• _Source data_:
------------------------------------

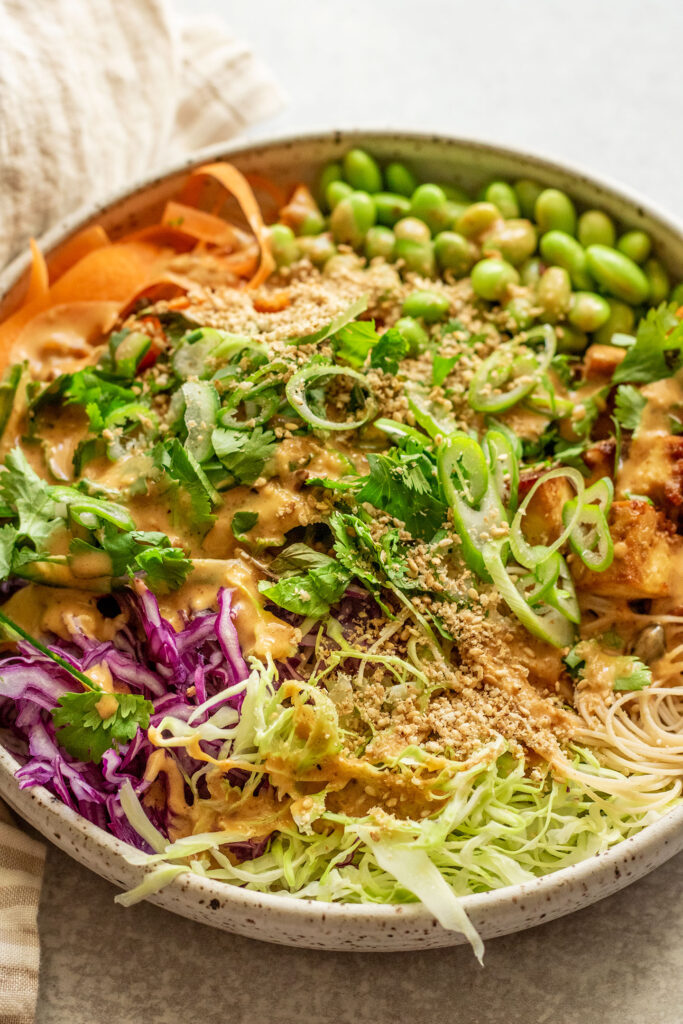 Side view of a bowl of noodles topped with shredded vegetables, edamame, scallions and sesame sauce.
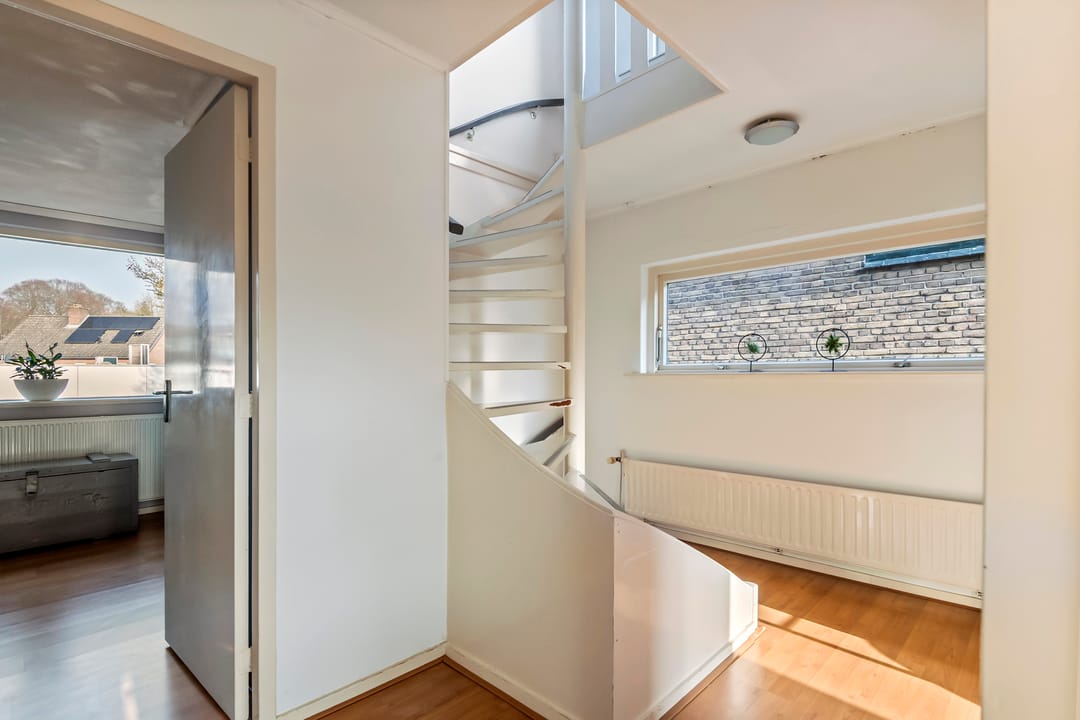 Spacious semi-detached home with character, featuring 5 bedrooms, suite-style living room, and sunny southwest garden — 29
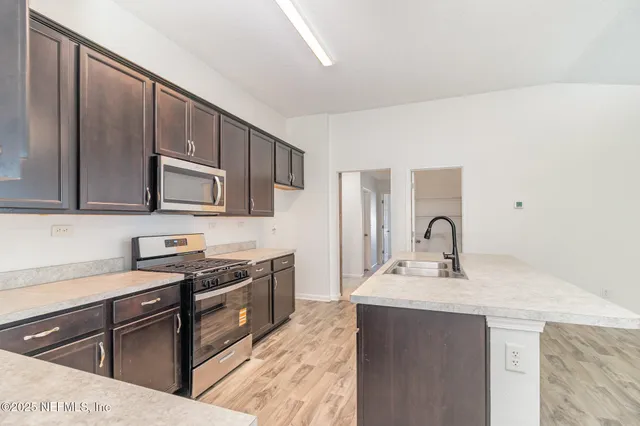 a kitchen with stainless steel appliances granite countertop a sink stove and cabinets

------------------------------------

• _Assignment_: The reply must hold every line above exactly as written and none of the pictures.

• _Response to the task_:
 Side view of a bowl of noodles topped with shredded vegetables, edamame, scallions and sesame sauce.
 Spacious semi-detached home with character, featuring 5 bedrooms, suite-style living room, and sunny southwest garden — 29
 a kitchen with stainless steel appliances granite countertop a sink stove and cabinets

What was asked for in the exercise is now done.